[EXERCISE GOAL] Could the data below be retyped exactly, without its pictures?

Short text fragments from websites
============
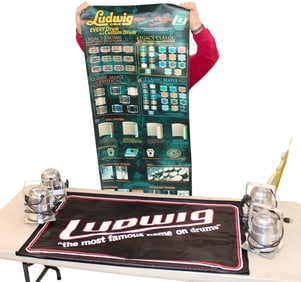 4 aluminum stage lamps, cloth Ludwig advertisement sign and vintage Ludwig drum poster in hard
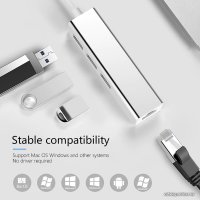 USB-хаб USBTOP USB Type-C - 3xUSB Type-A/RJ-45 556375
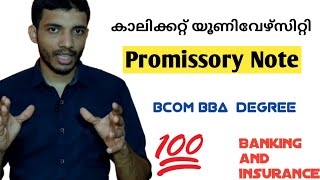 What is Promissory Note  BcomBBA Degree  Banking and Insurance  Calicut University [upl. by Gurango]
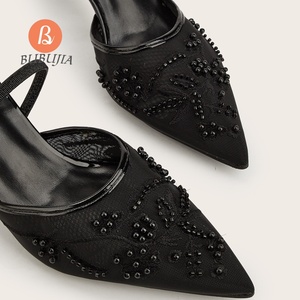 Sandalias Para Mujer 2026 Temperament Stiletto Heels Pointy Toe <strong>Slipper</strong> Embroidered <strong>Beaded</strong> Lace <strong>Mesh</strong> Sandals Design Shoes Woman - Product Image 3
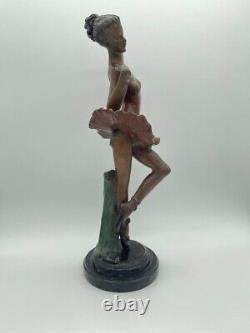 Statue en Bronze de danseuse par Pierre Le Faguays / Fayral Ouvre d'Art Déco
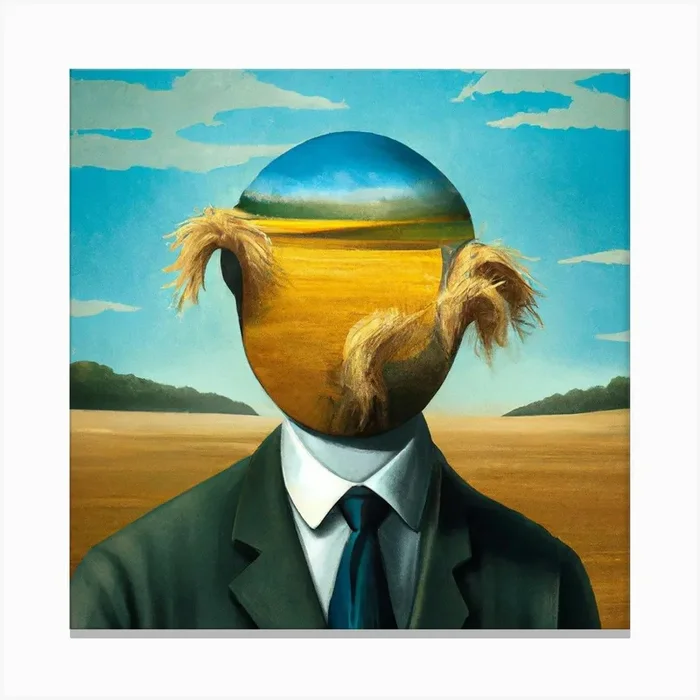 Man In A Field 1 Canvas Print by mamodesign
============
[SOLVED PROBLEM]
 4 aluminum stage lamps, cloth Ludwig advertisement sign and vintage Ludwig drum poster in hard
 USB-хаб USBTOP USB Type-C - 3xUSB Type-A/RJ-45 556375
 What is Promissory Note  BcomBBA Degree  Banking and Insurance  Calicut University [upl. by Gurango]
 Sandalias Para Mujer 2026 Temperament Stiletto Heels Pointy Toe <strong>Slipper</strong> Embroidered <strong>Beaded</strong> Lace <strong>Mesh</strong> Sandals Design Shoes Woman - Product Image 3
 Statue en Bronze de danseuse par Pierre Le Faguays / Fayral Ouvre d'Art Déco
 Man In A Field 1 Canvas Print by mamodesign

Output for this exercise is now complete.